Legendary Duck Tower
- Cover by Jennell Jaquays
- Designers: Jennell Jaquays; Rudy Kraft;
- Publishers: Judges Guild
- Publication: 1980; 45 years ago
- Genres: Fantasy
- Systems: Basic Role-Playing

= Legendary Duck Tower =

Tabletop fantasy role-playing game supplement

Legendary Duck Tower is a 1980 fantasy role-playing game adventure published by Judges Guild.

==Contents==
Duck Tower is an adventure in a dungeon with a hundred rooms. Characters can encounter 61 different creatures.

The scenario is set in a citadel in ruins that was once populated by humanoid ducks. The book contains dozens of non-player characters. The gamemaster can decide where to place the encounters.

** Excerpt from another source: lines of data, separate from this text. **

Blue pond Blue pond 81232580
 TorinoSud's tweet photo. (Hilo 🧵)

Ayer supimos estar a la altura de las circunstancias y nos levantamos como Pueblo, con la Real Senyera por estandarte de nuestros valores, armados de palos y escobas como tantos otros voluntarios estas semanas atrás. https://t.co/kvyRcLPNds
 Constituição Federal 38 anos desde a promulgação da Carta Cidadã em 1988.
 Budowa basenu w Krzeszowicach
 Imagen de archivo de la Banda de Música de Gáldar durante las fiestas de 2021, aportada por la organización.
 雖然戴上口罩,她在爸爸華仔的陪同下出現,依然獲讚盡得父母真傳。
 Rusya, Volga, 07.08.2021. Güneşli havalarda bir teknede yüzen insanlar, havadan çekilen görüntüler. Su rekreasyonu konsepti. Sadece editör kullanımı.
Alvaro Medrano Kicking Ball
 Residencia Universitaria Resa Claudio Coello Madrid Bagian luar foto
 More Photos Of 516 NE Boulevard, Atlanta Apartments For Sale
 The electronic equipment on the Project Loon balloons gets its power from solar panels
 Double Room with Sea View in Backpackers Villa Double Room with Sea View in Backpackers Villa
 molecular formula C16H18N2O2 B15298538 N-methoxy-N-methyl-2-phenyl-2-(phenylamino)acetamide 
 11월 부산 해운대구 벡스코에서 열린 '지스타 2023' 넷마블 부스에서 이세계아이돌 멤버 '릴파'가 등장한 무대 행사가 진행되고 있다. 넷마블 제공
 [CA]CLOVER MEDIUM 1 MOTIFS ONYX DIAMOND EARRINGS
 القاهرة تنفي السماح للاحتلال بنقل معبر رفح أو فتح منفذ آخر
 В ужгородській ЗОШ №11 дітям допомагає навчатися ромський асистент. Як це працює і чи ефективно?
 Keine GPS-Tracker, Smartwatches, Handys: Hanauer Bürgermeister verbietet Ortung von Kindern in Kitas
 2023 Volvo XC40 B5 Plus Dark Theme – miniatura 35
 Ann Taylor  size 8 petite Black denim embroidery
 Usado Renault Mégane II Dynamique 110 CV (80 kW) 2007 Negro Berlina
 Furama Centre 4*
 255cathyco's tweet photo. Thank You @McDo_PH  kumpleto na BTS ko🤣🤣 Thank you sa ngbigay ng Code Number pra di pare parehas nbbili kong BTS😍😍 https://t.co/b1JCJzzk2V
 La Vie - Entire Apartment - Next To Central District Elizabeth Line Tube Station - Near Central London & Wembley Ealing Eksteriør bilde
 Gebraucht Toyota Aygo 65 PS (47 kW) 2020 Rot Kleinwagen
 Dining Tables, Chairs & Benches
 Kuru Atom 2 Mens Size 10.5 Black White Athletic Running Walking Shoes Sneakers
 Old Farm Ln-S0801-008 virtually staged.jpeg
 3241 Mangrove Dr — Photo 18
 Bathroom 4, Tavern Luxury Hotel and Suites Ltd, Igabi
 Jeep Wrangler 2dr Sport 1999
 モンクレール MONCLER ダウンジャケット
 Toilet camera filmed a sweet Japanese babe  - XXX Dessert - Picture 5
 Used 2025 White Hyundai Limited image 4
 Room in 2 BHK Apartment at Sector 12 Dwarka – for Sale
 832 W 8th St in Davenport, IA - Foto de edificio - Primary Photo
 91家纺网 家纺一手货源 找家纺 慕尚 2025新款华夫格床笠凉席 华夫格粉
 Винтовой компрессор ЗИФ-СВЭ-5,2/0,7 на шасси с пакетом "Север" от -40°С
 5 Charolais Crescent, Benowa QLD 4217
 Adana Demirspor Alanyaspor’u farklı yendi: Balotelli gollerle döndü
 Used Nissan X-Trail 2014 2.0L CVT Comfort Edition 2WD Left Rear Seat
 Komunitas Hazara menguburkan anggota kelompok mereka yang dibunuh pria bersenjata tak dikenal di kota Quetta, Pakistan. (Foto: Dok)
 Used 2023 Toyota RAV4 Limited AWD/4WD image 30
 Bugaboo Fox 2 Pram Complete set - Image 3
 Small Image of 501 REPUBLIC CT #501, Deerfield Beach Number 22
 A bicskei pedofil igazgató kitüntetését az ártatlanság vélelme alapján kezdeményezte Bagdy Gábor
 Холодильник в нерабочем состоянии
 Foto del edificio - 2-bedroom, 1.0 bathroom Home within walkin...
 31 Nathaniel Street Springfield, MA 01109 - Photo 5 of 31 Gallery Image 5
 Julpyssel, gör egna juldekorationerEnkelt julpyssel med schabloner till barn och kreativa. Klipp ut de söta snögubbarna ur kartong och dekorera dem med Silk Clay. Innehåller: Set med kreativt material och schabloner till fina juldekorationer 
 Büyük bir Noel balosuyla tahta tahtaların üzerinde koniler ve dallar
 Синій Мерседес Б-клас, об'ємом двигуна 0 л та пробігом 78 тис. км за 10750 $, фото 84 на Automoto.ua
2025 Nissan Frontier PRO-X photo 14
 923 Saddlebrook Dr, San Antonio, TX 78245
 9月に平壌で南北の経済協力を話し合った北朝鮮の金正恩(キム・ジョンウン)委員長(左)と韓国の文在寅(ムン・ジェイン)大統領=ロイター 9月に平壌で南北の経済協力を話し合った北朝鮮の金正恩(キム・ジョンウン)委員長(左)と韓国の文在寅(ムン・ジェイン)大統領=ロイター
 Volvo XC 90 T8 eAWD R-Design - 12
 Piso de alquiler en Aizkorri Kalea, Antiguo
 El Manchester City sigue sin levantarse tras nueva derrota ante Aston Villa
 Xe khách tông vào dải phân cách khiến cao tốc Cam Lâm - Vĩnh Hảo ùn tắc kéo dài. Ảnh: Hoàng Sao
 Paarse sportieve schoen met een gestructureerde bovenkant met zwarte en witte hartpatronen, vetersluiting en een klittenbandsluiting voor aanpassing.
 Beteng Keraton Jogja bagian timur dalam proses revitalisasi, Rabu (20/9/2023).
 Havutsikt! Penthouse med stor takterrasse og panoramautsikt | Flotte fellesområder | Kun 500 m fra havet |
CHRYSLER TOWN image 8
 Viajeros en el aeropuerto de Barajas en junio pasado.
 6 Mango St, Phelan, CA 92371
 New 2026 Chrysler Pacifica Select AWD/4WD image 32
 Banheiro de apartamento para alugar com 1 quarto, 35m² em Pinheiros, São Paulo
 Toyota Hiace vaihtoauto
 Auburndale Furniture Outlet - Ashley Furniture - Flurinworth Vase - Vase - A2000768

The book describes both an abandoned city and tower. The NPCs each have short paragraphs to describe their personalities and motives. The dungeon has detailed descriptions and several maps and diagrams, with a list of random items that players can find.

The ruined fortress-temple of the god Humakt is home to 17 groups of NPCs and monsters. The prosperous duck tribe that lived there when it fell centuries ago are a mutated or cursed race of humanoids. It has been taken over by explorers, outlaws, dangerous creatures, and archeologists. The gamemaster rolls a 100-sided die to assign a location for each encounter. One map without a grid pattern shows the entire Duck Tower complex, and the gamemaster shows the players a sketch of what is visible as the party comes near the temple.

==Publication history==
Legendary Duck Tower and Other Tales was written by Jennell Jaquays and Rudy Kraft, and was published by Judges Guild in 1980 as a 64-page book.

Both the title and cover of the module reference the Dark Tower adventure also by Jaquays.

It is a supplement for RuneQuest for two or more players.

==Reception==
Forrest Johnson, in The Space Gamer #29, commented that "Duck Tower is a wonder and a marvel, a priceless adventure for anyone who likes Runequest."

William Fawcett, in issue #44 of The Dragon, commented that "One of the weaknesses of many Runequest scenarios is that they sacrifice detail in the environment and dungeons, in favor of presenting the details of the statistics of a large number of non-player characters. [Duck Tower] is exceptional in that it not only avoids this problem, but does a very good job of presenting an interesting locale for adventuring in any system. This is definitely one of the best Runequest scenarios available and should be a must for anyone campaigning in the system."

Anders Swenson reviewed Duck Tower for Different Worlds magazine and stated that "The concept is one which should be applicable to many individually-written adventures, the found magical items are a new dimension to the game (there are no 'standard' RQ magic items in the tower as written) and overall it is a good investment for all RQ campaign referees."